The callsign VLL was applied to the SS Talune somewhere around the year 1912, and it was in use until the ship was withdrawn from service nine years later, in 1921. Four years later, the Talune was filled with rock and scuttled in shallow water at Waikokopu in upper Hawkes Bay on the eastern edge of the North Island of New Zealand.

This stricken ship served as a breakwater for many years, and these days the broken up wreckage can still be easily viewed on Google Earth. The town of Waikokopu no longer serves as a small country port, though it is now no more than a few scattered country dwellings.

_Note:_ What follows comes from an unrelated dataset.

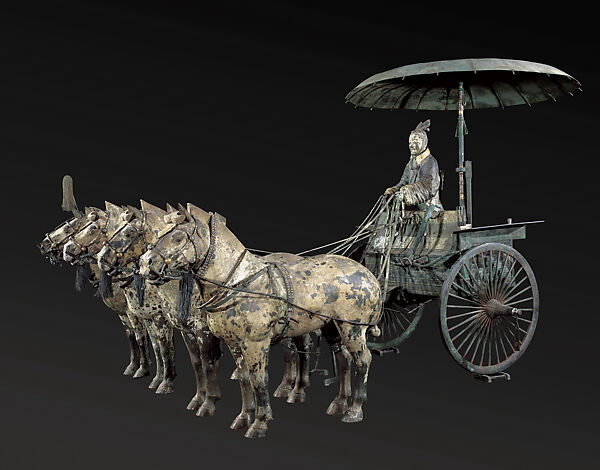 Chariot Model (Modern Replica), Bronze with pigments, China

The next known usage of the callsign VLL was applied to the transmissions from the now silent shortwave station that was located a little inland from the coastal town of Carnarvon in Western Australia. This station was originally intended to be a temporary fill-in station for Radio Australia after the Darwin station was disabled due to Cyclone Tracy at Christmas time in December 1974, and it remained in service for a little over 20 years.

Radio Australia took over the empty America NASA Space Station at Carnarvon and the second transmitter that was installed there was an American made Harris SW100. Sometime earlier, three Harris 100 kW transmitters had been obtained from the United States and these had been held in storage at the new ABC mediumwave station located at Pimpala on the coast south of Adelaide in South Australia.

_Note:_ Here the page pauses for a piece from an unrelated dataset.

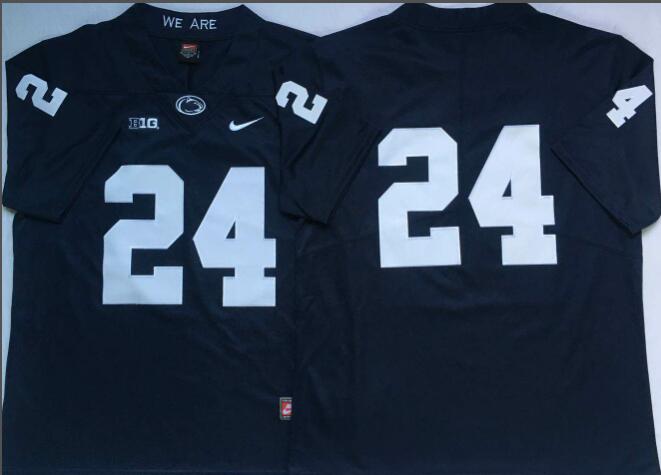 Mens NCAA Penn State Nittany Lions 24 Blue College Football Jersey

It was originally intended that these three shortwave transmitters would be installed at suitable though yet undecided locations in South Australia and the Northern Territory, as a regional shortwave service for dwellers in Australia's outback. Among the locations that had been given preliminary consideration were, for example, somewhere on the outskirts of suburban Adelaide, Alice Springs in Central Australia, and Darwin at Cox Peninsula in the Northern Territory.

However, as changing circumstances would have it, one of these Harris 100s was taken to Carnarvon and installed as Transmitter VLL, while the two other units were ultimately taken to Shepparton in Victoria and installed for Radio Australia. Test broadcasts from Carnarvon VLL began on February 15, 1975, though it was removed from service during the next month due to frequent troublesome transmitter problems. Design engineers flew out from the states to correct the problems.

When VLL was taken into regular on air service, the program feed from the Melbourne studios of Radio Australia was provided by a 2,000 mile microwave link to Perth and thence by telephone line to Carnarvon. In addition, there was a VLL program feed from a 30 kW transmitter located at Lyndhurst which operated as an ISB independent side band unit on 12290 kHz.

Then too, a 100 kW transmitter at Shepparton carried a parallel relay of the VLL service in the Indonesian language and this could be utilized as a back up program feeder if needed. The Shepparton VLL service was on the air for eight years, from 1976 to 1984. At that stage, the Indonesian service was transferred to the revived Radio Australia shortwave station near Darwin. Two years later (1986), the program feed to Carnarvon was carried by satellite and it was no longer necessary to receive the VLL service via Lyndhurst or Shepparton.

The shortwave service from Radio Australia, Carnarvon, ended on July 31, 1996, at which time transmitter VLL was removed and sold locally for scrap.

During its 20 years of on air service, transmitter VLL was verified by Radio Australia in Melbourne with a multitude of colorful QSL cards, and for a few years at one stage by Form Letters indicating the callsign and station location.